__SUPPLIED MATERIAL__.

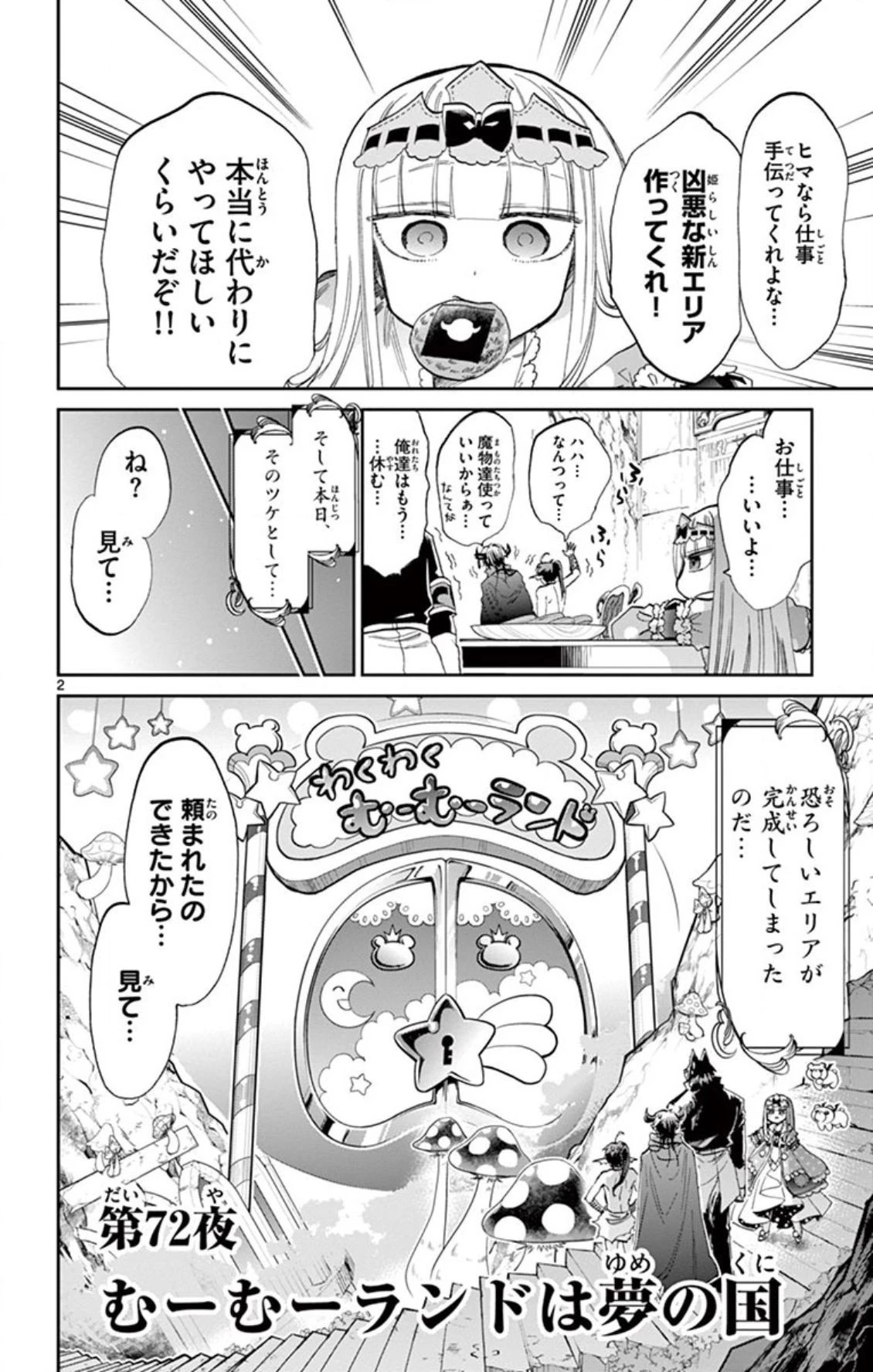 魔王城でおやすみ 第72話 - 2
* * *
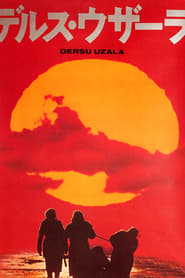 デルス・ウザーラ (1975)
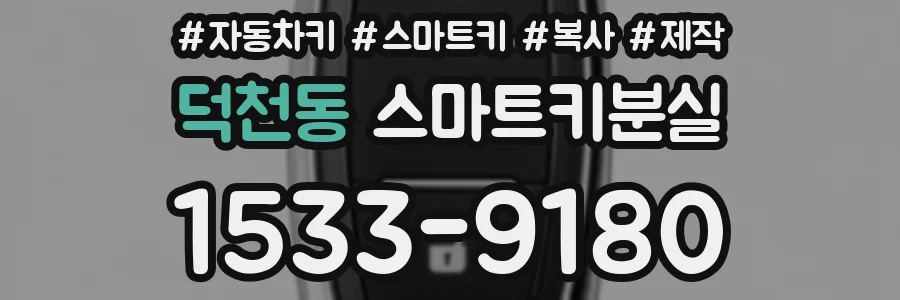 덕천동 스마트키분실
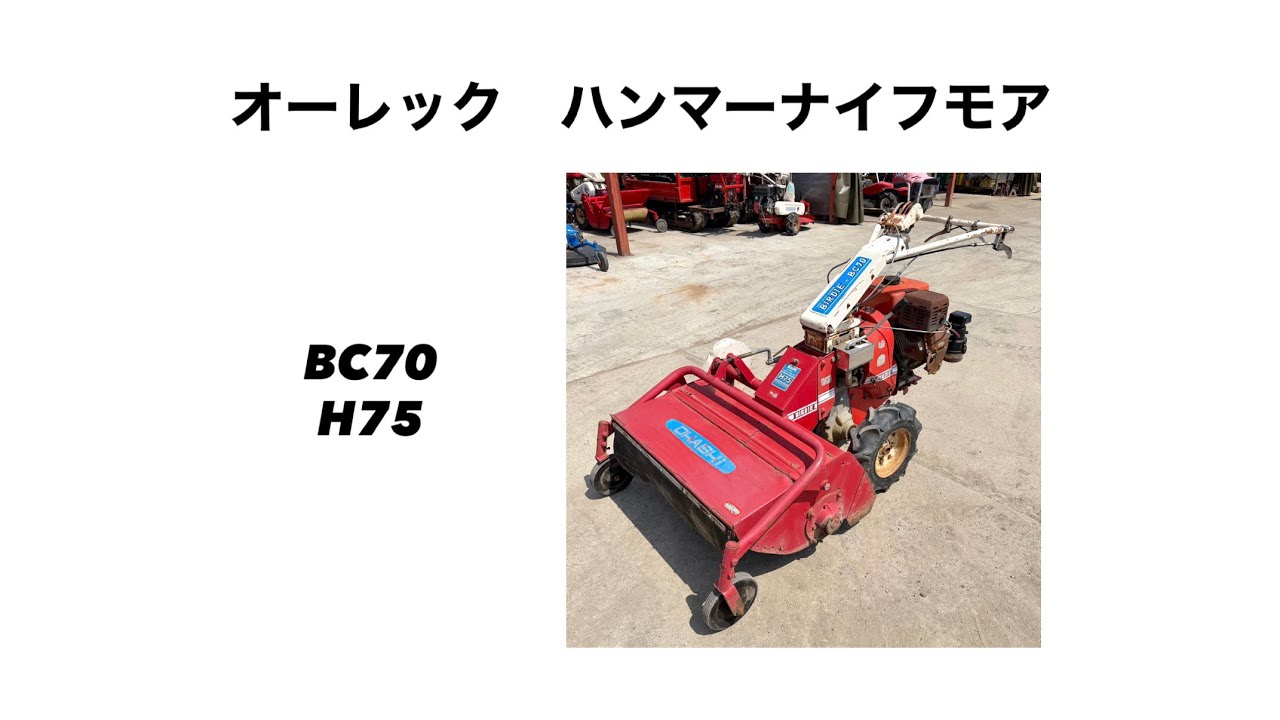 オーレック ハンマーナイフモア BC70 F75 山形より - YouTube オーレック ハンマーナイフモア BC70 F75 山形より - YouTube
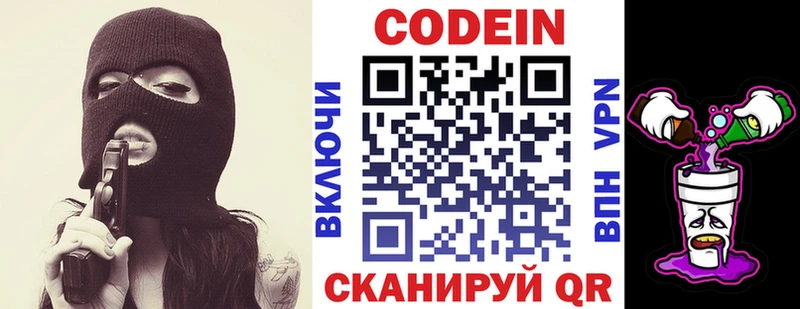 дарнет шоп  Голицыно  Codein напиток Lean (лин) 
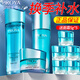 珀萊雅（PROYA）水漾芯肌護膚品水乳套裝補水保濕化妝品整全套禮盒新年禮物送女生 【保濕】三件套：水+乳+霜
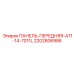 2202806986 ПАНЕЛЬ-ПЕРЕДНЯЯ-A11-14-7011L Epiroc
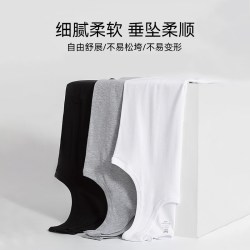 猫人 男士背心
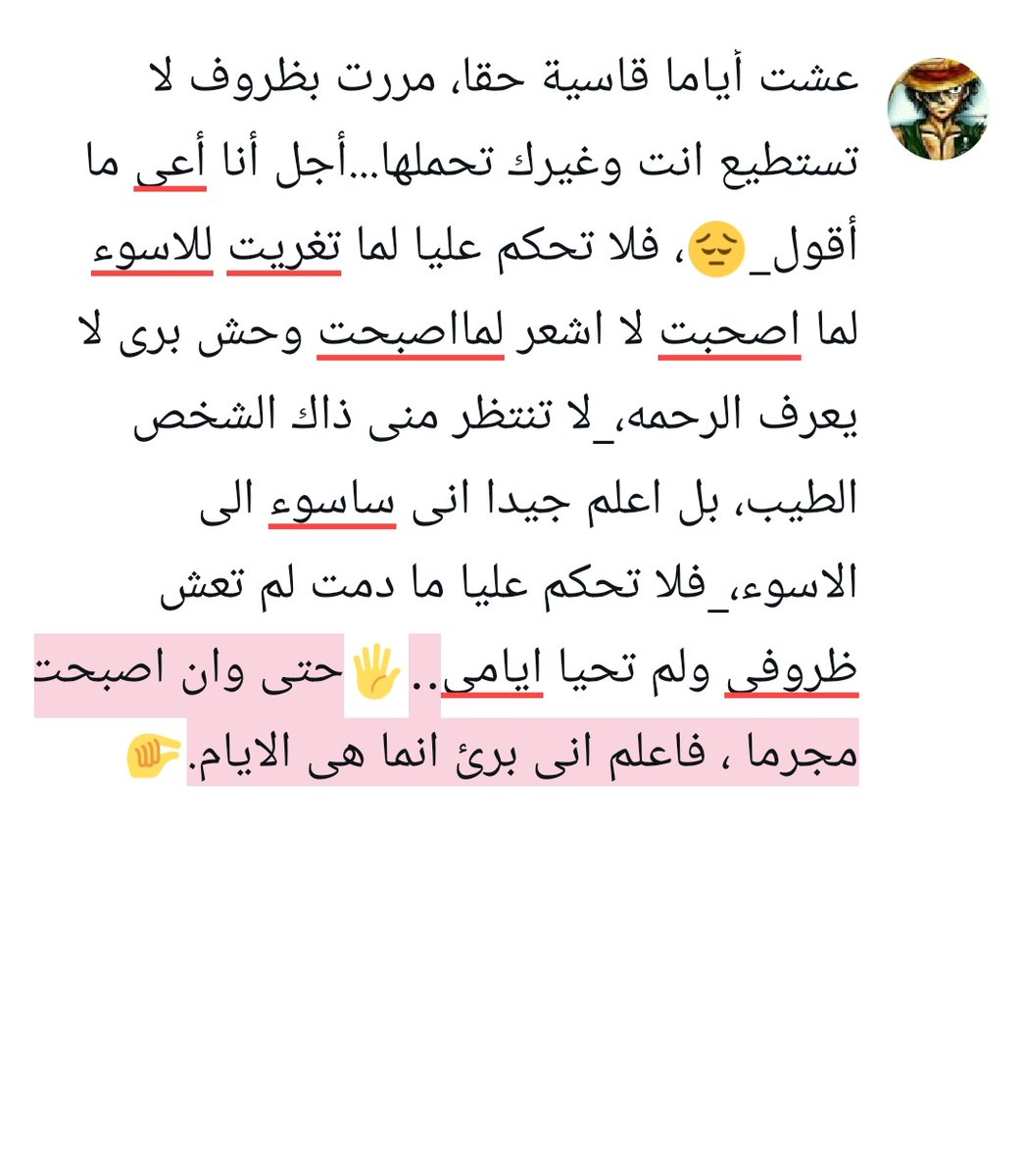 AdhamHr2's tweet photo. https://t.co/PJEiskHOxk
==
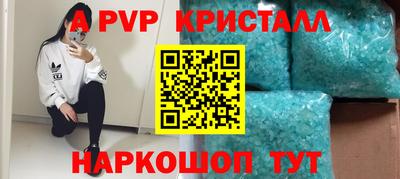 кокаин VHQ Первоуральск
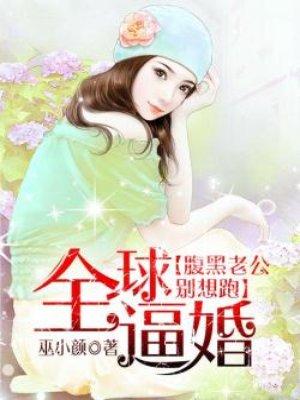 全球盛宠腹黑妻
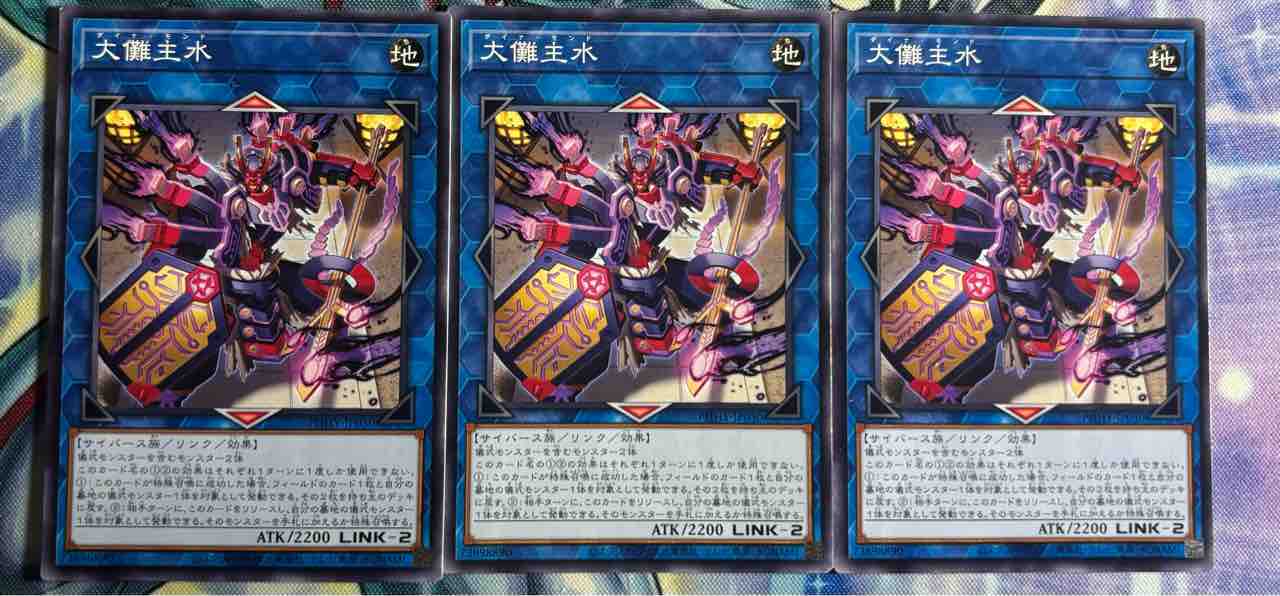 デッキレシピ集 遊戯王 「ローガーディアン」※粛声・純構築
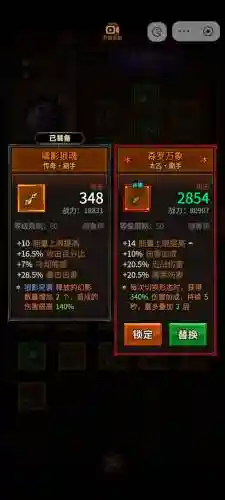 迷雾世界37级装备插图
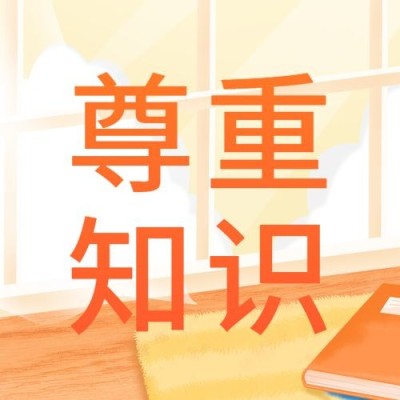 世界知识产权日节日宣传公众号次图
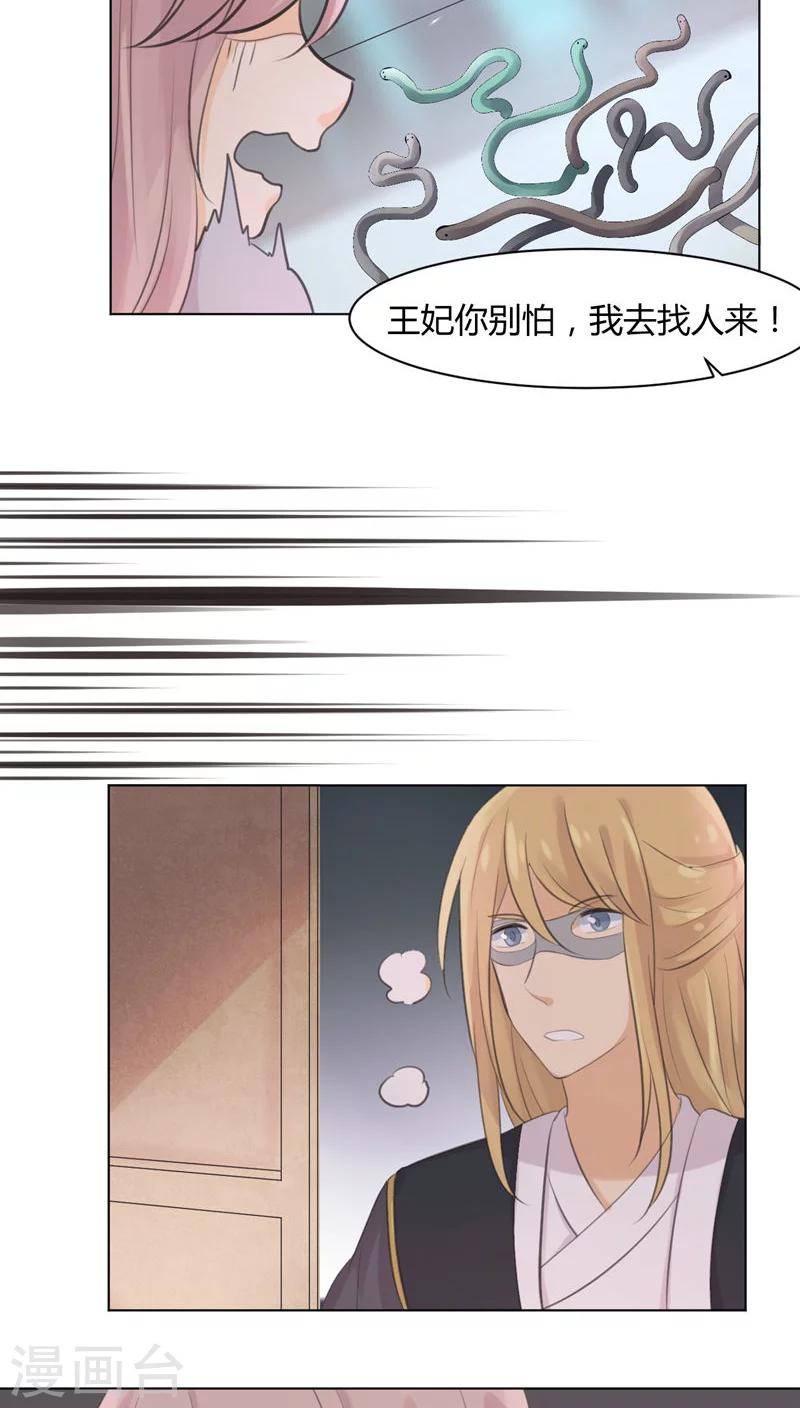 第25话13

__TASK OBJECTIVE__.
In the listing above, find the line containing "2202806986 ПАНЕЛЬ-ПЕРЕДНЯЯ-A11-14-7011L Epiroc" and the line containing "AdhamHr2's tweet photo."; print those lines and every line between them exactly, leaving out pictures.

__ANSWER BELOW__.
 2202806986 ПАНЕЛЬ-ПЕРЕДНЯЯ-A11-14-7011L Epiroc
 猫人 男士背心
 AdhamHr2's tweet photo. https://t.co/PJEiskHOxk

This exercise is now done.